Because of their prominent roles in the world financial system, some of these so-called offshore ‘havens’ have assumed importance far bigger than their physical size would suggest. Bermuda is a leading insurance center, while the British Virgin Islands is the global capital for incorporation of offshore companies.
In recent years in respect of these ‘havens’, there has been much binding in the marsh, and large numbers of stories of intrigue, corruption, and even conspiracy. However, a lot of this bad reputation is not deserved.
In Bermuda, where Bermuda Finance employs more than 5 per cent of the population, the country established a Financial Intelligence Agency in 2008.
The British Virgin Islands has invested in legal infrastructure to deal with commercial disputes arising from its status as the leading incorporator of offshore businesses.
The Cayman Islands is a base for most of the world’s hedge funds.
The Turks and Caicos Islands is largely a center for offshore trusts. The U.K. imposed direct rule in 2009 after a report found a “high probability of systemic corruption”. However, the investigative team soon discounted the initial allegations leaked by the police.
In recent times, all these jurisdictions have come under fire, or had allegations made about them in one respect or other, and, as a result, whatever may be the real facts about some of the more obtuse allegations, various questions were raised in London, particularly about the rule of law in Cayman – and the network of close relationships that dominates the elite of this, and other small, British territories. The case also goes to the heart of the U.K.’s somewhat dysfunctional relationship with the “pink dots on the map” that are both imperial relics, and, at the same time, significant operators in world finance.

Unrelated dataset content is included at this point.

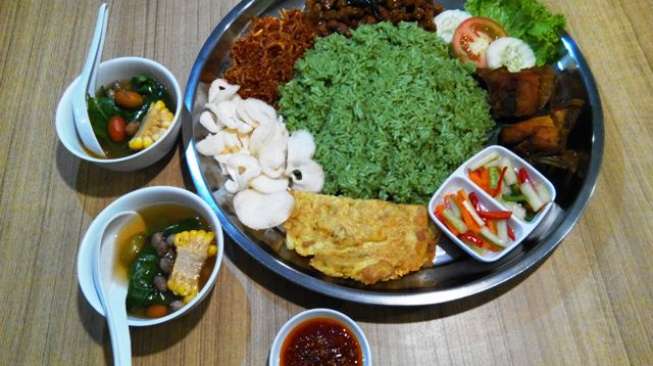 Cicipi Nasi Putri Hijau Spesial di Rempah Iting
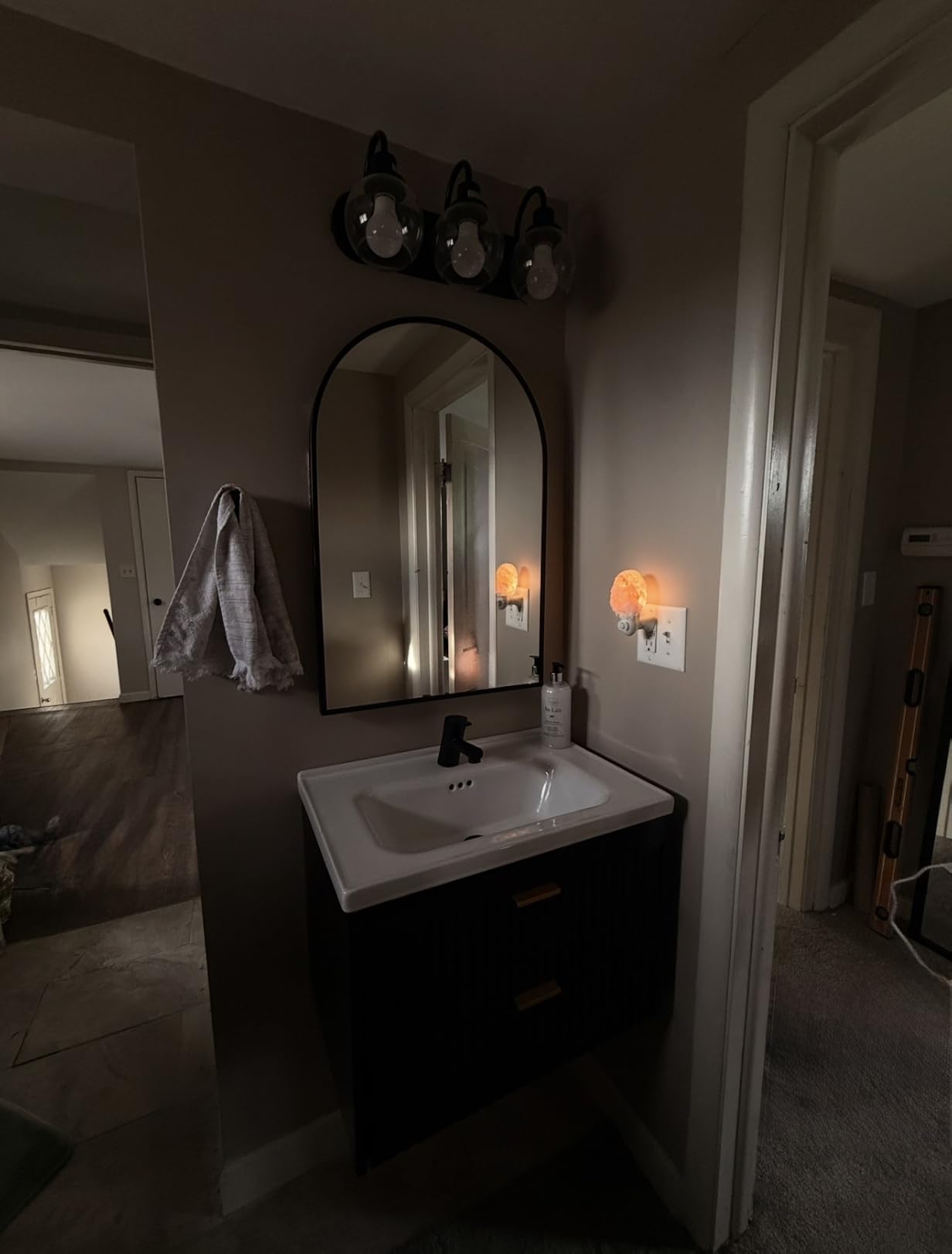 Medicine Cabinets for Bathroom, Gold Arched Medicine Cabinet Recessed or Surface Wall-Mounted, Modern Bathroom Vanity Mirror with Storage, Mirrored Cabinet with Adjustable Shelves, 16x31 Inch customer photo 1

Mr Umunna, the MP who is also parliamentary private secretary to Ed Miliband, UK opposition Labour party leader, says: “Britain should certainly be using its influence and the leverage that flows from that to encourage better standards of financial probity and governance to be adopted.”
The UK government has promised “further measures for promoting good governance and preventing corruption” in overseas territories. The Foreign Office concedes there “may be individual incidences where governance has been a concern” but denies there is “systematic or widespread” problems across the islands.
One attraction of these ‘havens’ – often for lenders, and sometmes for borrowers – is their usual, very strict secrecy laws. However, pressure for transparency persists, as the havens begin to yield billions to G20 treasuries.
When leaders of the world’s biggest economies met in London in April 2009, they issued an ultimatum to tax havens, writes Vanessa Houlder. “The era of banking secrecy is over,” they declared. The Group of 20 summit triggered a scramble by almost all offshore centers to meet their bigger neighbours’ demands. “Tax havens are disappearing,” French president Nicolas Sarkozy – one of their fiercest critics – said last summer, after 500 tax information exchange agreements had been signed.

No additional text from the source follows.